Before you start pointing fingers at someone else you better make sure your own backyard is clean.

I would like to know what your definition of a "good guy" really is - because this isn't one.

He's using the excuse that you are boring, unattractive while pregnant, etc., to justify his behavior towards you - there is no justification. He's being an a$$hole - and deep down - he knows it.

All military bases have MFLCs (Military Family Life Consultants). Check with your Airman & Family Readiness Center (if Air Force), or Family Support Center (for other services) to get information on how to contact the MFLC. They offer "free" and "private" counseling, individually and marriage counseling.

You need it.

Regardless of whether a baby is involved or not, would you want him treating your child like this because he resents it existing? It's one thing to keep yourself in a relationship like this because you are an adult and can make your own decisions.

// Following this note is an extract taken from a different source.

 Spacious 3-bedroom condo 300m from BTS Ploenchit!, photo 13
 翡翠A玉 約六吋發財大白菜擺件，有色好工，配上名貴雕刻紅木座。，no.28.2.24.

But it's up TO YOU to protect your child, at all costs.

Get this worked out or get out. A child does not deserve to grow up in this type of atmosphere. 

Divorce - not always a bad ending if the situation warrants. Could be a blessing in disguise sometimes.

If he is that easily swayed by the thoughts of others, then he has a long way to go in reaching maturity.

Get some free help from the MFLC and maybe you can get to the bottom of what is "really" going on. 

Good luck dear.


----------



## SteveAustin (Apr 25, 2011)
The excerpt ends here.